Il enleva ses couilles de sa bouche et commença à les frotter sur tout son visage, son visage doux, beau et angélique.

"Es-tu prête, petite vilaine?" il lui a demandé.

Elle ne savait pas ce qu'il voulait dire.

"Êtes-vous prêt? Êtes-vous prêt à prendre mon entrée dans votre bouche?"

Elle leva les yeux vers son visage, ses yeux sombres écarquillés à nouveau. Il va vraiment mettre son sperme dans ma bouche? Elle ne le voulait pas.

Mais elle a quand même hoché la tête.

"Ouvre la bouche, vilaine petite fille", lui dit-il.

Elle ouvrit la bouche.

"Plus large", dit-il.

Elle ouvrit la bouche aussi large que possible.

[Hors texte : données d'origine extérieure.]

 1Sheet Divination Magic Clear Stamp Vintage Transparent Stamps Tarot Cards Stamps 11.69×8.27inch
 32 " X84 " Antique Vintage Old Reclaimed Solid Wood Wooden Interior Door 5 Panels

Il se rassit et la regarda. Elle était une si belle petite fille, si pure et virginale et parfaite, son petit visage rond rouge d'excitation sexuelle. La bouche grande ouverte, attendant qu'il vienne, elle ressemblait à une petite pute.

"Tu es une si petite pute," dit-il à la petite fille.

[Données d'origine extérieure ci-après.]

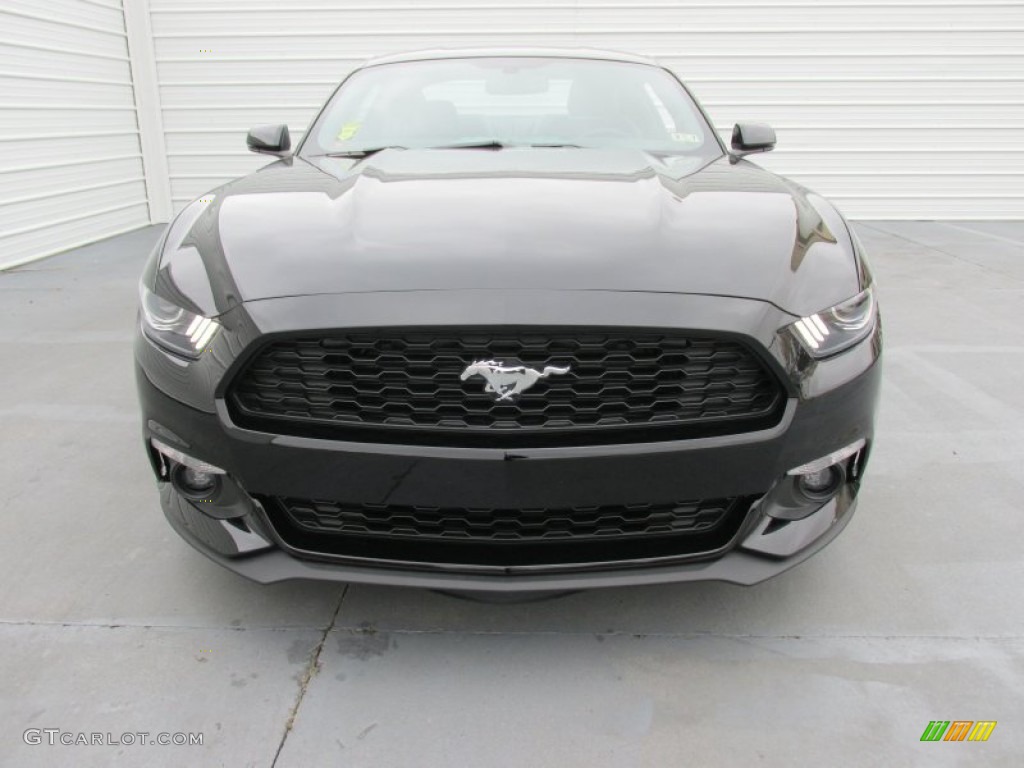 Black 2015 Ford Mustang EcoBoost Premium Coupe Exterior Photo #101989874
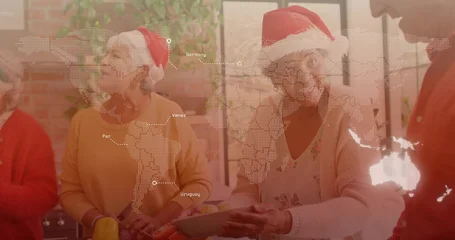 Fotobehang Koken Preparing elders in Santa hats serving food in kitchen with bowl peppers counter dotted map overlay  © vectorfusionart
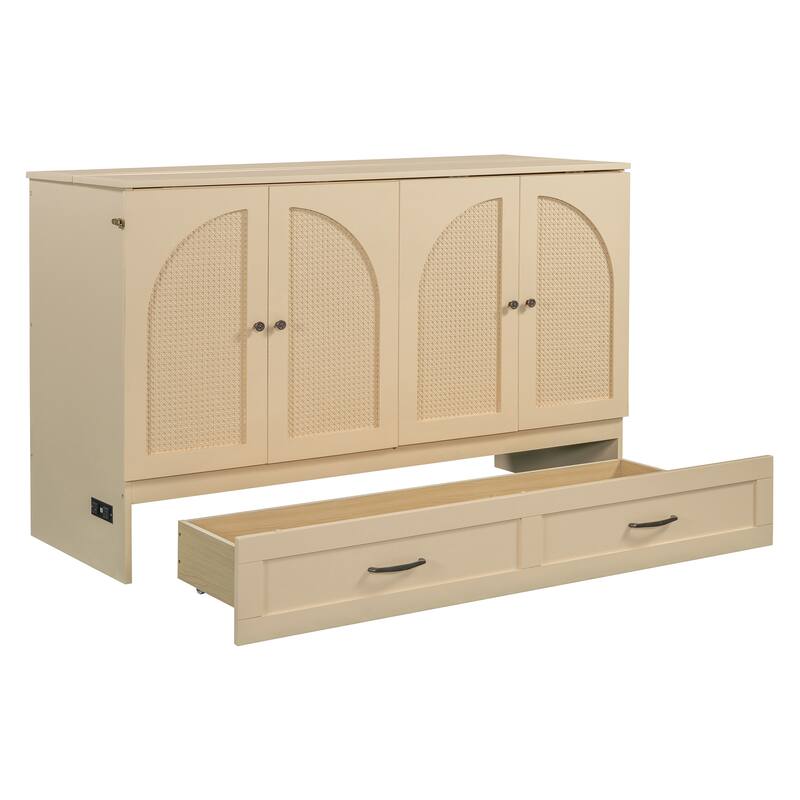 Queen Size Murphy Bed with Large Storage Drawers, USB Charging Port, and Space-Saving Design for Small Rooms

Elle était allongée sous lui, la bouche grande ouverte, le regardant avec ses grands yeux sombres.

"N'oubliez pas que vous devez l'avaler", a-t-il dit.

Elle hocha la tête, la bouche grande ouverte.

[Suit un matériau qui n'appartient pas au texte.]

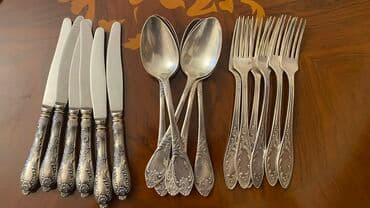 Антикварный Мельхиоровый набор ложки вилки и ножи по 6 штук в очень — 1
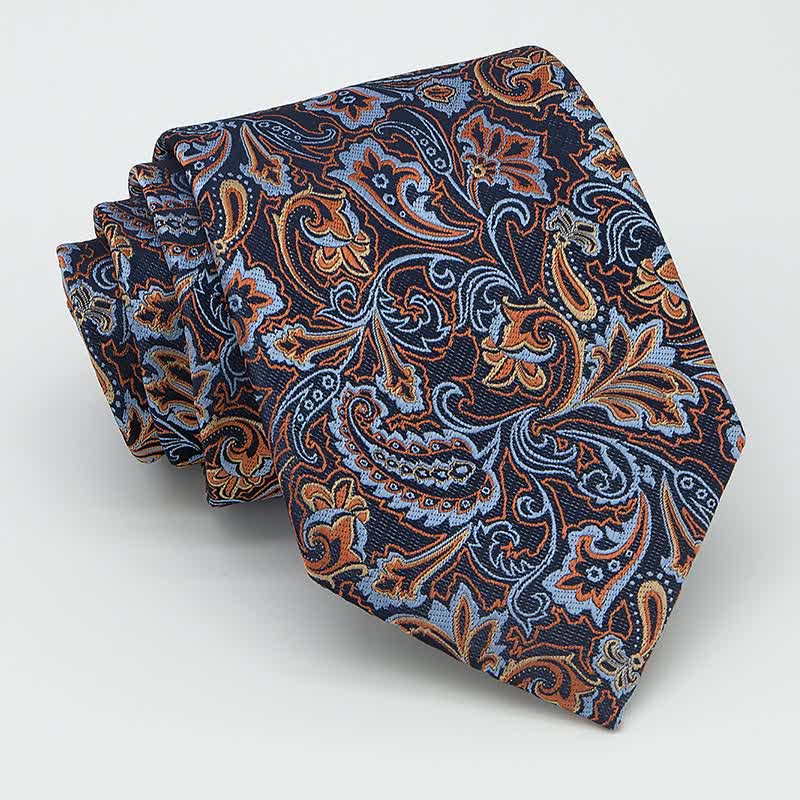 Set di 3 cravatte da uomo con motivo Paisley blu e arancione
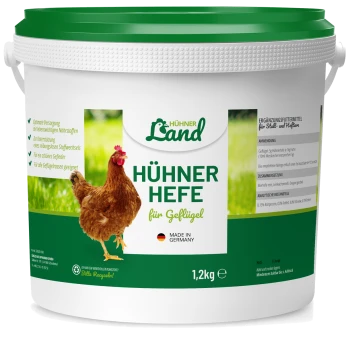 Behälter mit "Hühner Hefe für Geflügel" mit einer Illustration einer braunen Henne, 1,2 kg, hergestellt in Deutschland.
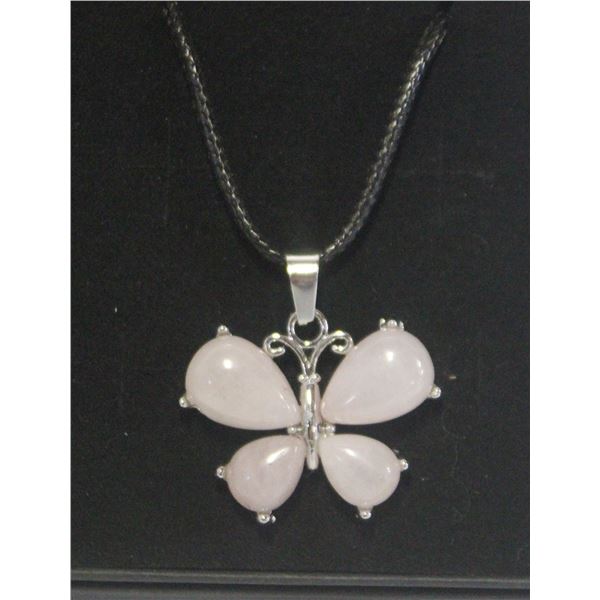 ROSE QUARTZ BUTTERFLY NECKLACE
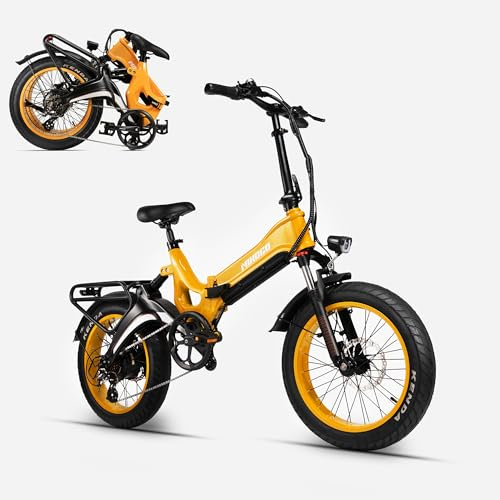 Zylvro NX - Bicicleta eléctrica plegable de 48 V, 13 Ah, batería extraíble, autonomía de 45 – 100 km E-Bike, rueda ancha de 7 velocidades (NX (amarillo)
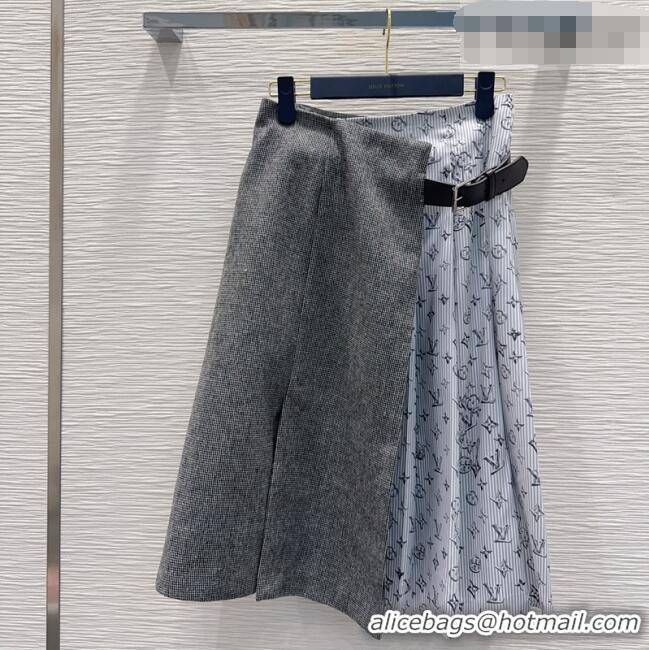 Luxury Discount Louis Vuitton Skirt and Jacket Set LV031101 Grey/Blue 2026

"Oh mon dieu, tu es une putain de petite putain!" dit-il, ses jambes tremblant. Et puis il a fourré la grosse tête de son gros pénis dans la bouche de la petite fille.

Sa petite bouche était glorieusement chaude sur sa tête, humide et soyeuse; son orgasme atteignait son apogée alors qu'il entrait en elle, mais pendant un instant, sa venue n'avait pas encore éclaté et il s'assit là, ses jambes tremblant alors que tout son corps était submergé d'excitation sexuelle et de libération. Et puis le premier coup de son venu a bondi, du plus profond de son corps, le long de son sexe, et dans sa bouche.

Les yeux de la petite fille s'écarquillèrent. Il est venu frapper fort à l'arrière de sa bouche, une partie allant même dans sa gorge, et il a rempli sa bouche complètement. C'était épais et salé et chaud.

Il a gémi, "Oh putain," et un autre coup de feu lui a tiré dessus.

Elle sentit sa bouche se remplir encore plus de son sperme, et tout ce qu'elle pouvait penser était qu'elle voulait s'éloigner de lui pour qu'il n'en tire plus dans sa bouche. Mais ensuite, elle se souvint qu'elle était censée l'avaler. Elle lui a dit qu'elle le ferait. Elle ferma donc les yeux, garda la bouche grande ouverte et attendit qu'il ait fini.

Il lui semblait qu'il n'arrêtait pas de pomper dans sa bouche pour toujours. Elle resta allongée passivement, les yeux fermés, une grimace sur son doux petit visage.

Finalement, cela se termina, mais il laissa sa tête dans sa bouche un peu plus longtemps, laissant les derniers contractions de sa bite expulser les dernières gouttes. Puis il s'est retiré.

Elle avait les yeux et la bouche fermée. Ça avait si mauvais goût que ça lui donnait envie de vomir.

"Avalez-le, vilaine petite fille", a-t-il dit.

Il la regarda, les yeux serrés, son visage angélique tordu de répulsion. Mais après seulement un instant d'hésitation, elle déglutit.

La petite fille a presque vomi quand elle a avalé, mais le sentiment s'est dissipé.

"Voilà," dit l'homme, en frottant doucement ses doigts dans ses cheveux. "Voilà, ma douce petite pute."

Elle lui sourit. Elle était fière d'avoir pu l'avaler. Cela la faisait se sentir très adulte. Et alors qu'il sortait du lit, se dit-elle, s'il veut mettre son pénis en moi la prochaine fois, je le laisserai faire. Les filles adultes ont laissé les hommes y mettre leur pénis.